The promise of a modest strike “is a win, win, win situation,” said Thomas Donnelly, co-director of the Marilyn Ware Center for Security Studies at the American Enterprise Institute.
“Obama gets to pretend he’s done something, [Syrian dictator Bashar] al-Assad is unharmed, and it’s a win for the Iranians too” because a modest strike will undermines the U.S. security shield in the region, he said.
Obama is lobbying Congress to win backing for a military strike on Syria’s military, following the Syria military’s Aug. 21 nerve-gas attack on Syrian civilians.
He says he has the legal authority to launch a strike vital to deterring future use of chemical weapons, and he has bypassed Congress on numerous high-stakes controversies, yet he decided on Friday to delay the strike pending congressional support.
“This is a limited, proportional step that will send a clear message not only to the Assad regime, but also to other countries that may be interested in testing some of these international norms [against the use of chemical weapons], that there are consequences,” he told reporters at the outset of a Sept. 3 morning meeting with congressional leaders.
But Assad can ride out the limited strike, Donnelly said. Once it is over, “he gets to come out and say, ‘Haha,'” he said. Assad likely won’t retaliate or try to escalate, Donnelly said.
For al-Assad, the stakes of the war are essentially unlimited. If the government loses, he, his family and his Alawite sect and clan, will likely face a wave of revenge attacks and trials from long-oppressed tribal enemies and orthodox Islamic jihadis.
That’s why Assad and his Iranian backers also waged an unlimited war for two years that has killed roughly 100,000 civilians, rebels and soldiers.
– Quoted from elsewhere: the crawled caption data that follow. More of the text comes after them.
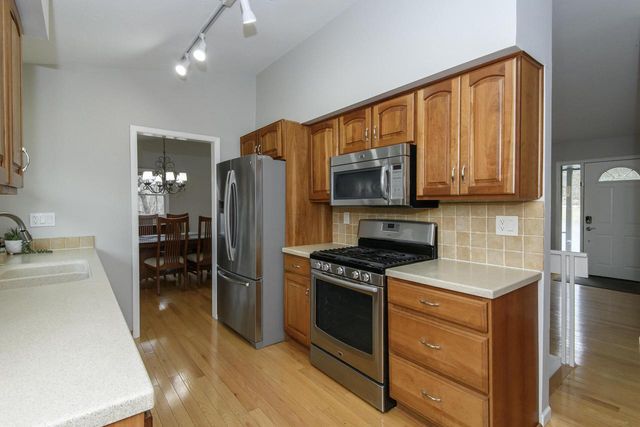 W329N4791 Elderwood DRIVE, Nashotah, WI 53058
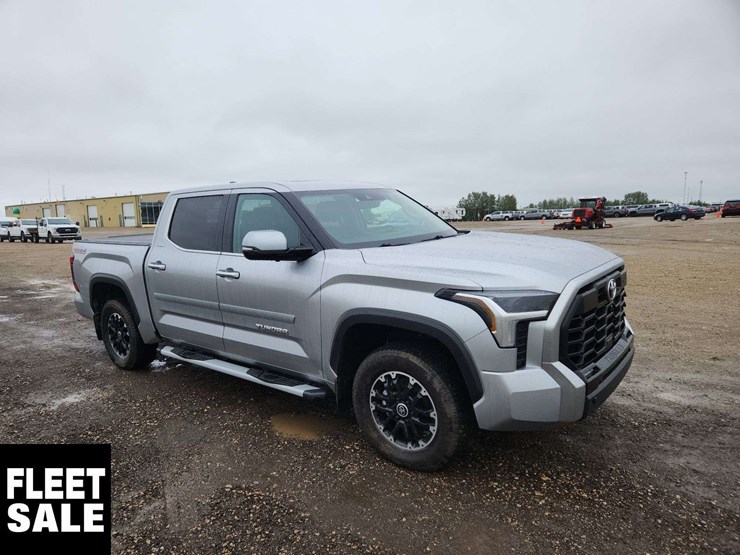 2023-toyota-tundra-image-8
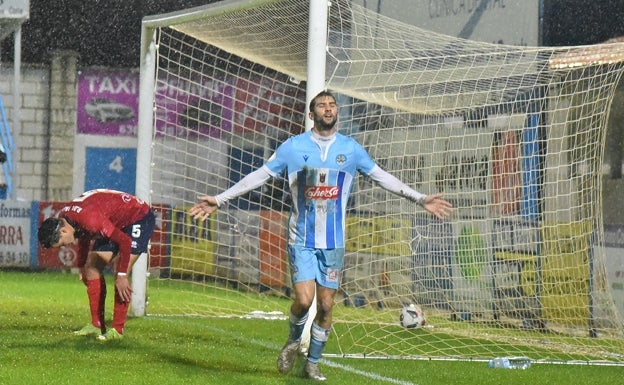 El Coria se lleva el derbi con doblete de Mercadal en la primera parte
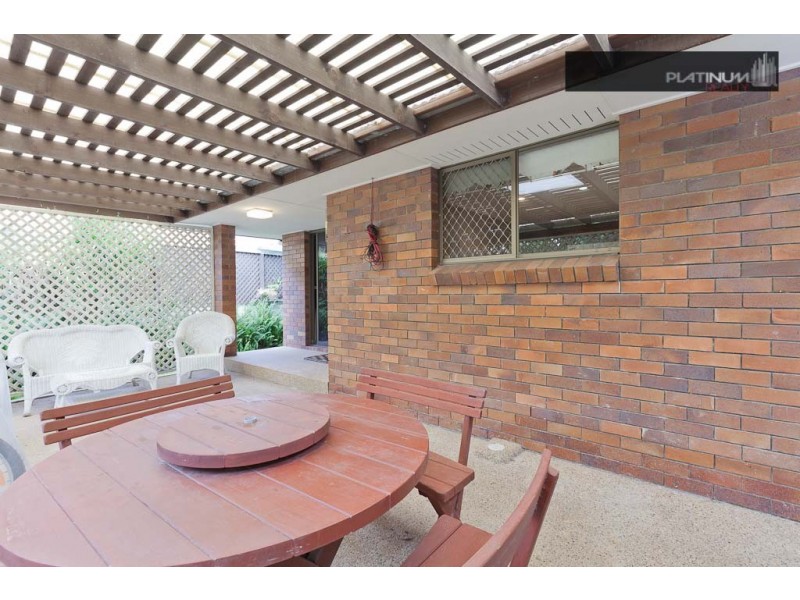 87 Dawn Parade, Miami QLD 4220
He has repeatedly used heavy artillery and bomber aircraft to smash rebel-held neighborhoods in cities and towns.
On Aug. 21, Assad’s military fired nerve gas into 12 rebel-held neighborhoods in Syria’s capital city, killing more than 1,400 people, according to U.S. intelligence reports.
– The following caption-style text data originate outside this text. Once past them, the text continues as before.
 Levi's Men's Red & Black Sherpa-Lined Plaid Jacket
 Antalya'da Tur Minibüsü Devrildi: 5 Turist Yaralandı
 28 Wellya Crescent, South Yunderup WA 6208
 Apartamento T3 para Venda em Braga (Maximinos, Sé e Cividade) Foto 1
The nerve-gas attack crossed a “red line” set by Obama last year, risking a showdown with the U.S. Air Force.
But Assad is focused on wining his war, said Donnelly. “If he needs to gas another town to defeat the opposition, he’ll do it,” Donnelly said.
The Iranians also gain from a limited U.S. strike because it would demonstrate Obama’s reluctance to use force for serious goals, said Donnelly. “Everybody in the region will observe that it is an ineffective measure,” he said.
After a missile strike, the Iranians will use it for propaganda, he said.
In his Tuesday statement, Obama repeatedly emphasized that he’s planning a limited strike, yet also suggested that he’s trying to overthrow Assad.
“So the key point that I want to emphasize to the American people: The military plan that has been developed by the joint chiefs and that I believe is appropriate is proportional. It is limited. It does not involve boots on the ground. This is not Iraq and this is not Afghanistan,” he said.
But he also said the strike “also fits into a broader strategy that we have … of strengthening of the opposition and the diplomatic and economic and political pressure required [to] … bring peace and stability not only to Syria but to the region.”
There’s no real tension between Obama’s limited means and the unlimited price he is apparently trying to impose on Assad, said Donnelly. That’s because Obama’s regime-change policy is only an “abstract goal,” he said.
Obama and leaders from several other countries are providing aid and weapons to the rebels via classified programs. The other countries include Turkey and Saudi Arabia. So far, the U.S. aid has been insufficient to overcome Syria’s military, which is backed by Iran and Iran’s proxy, Hezbollah.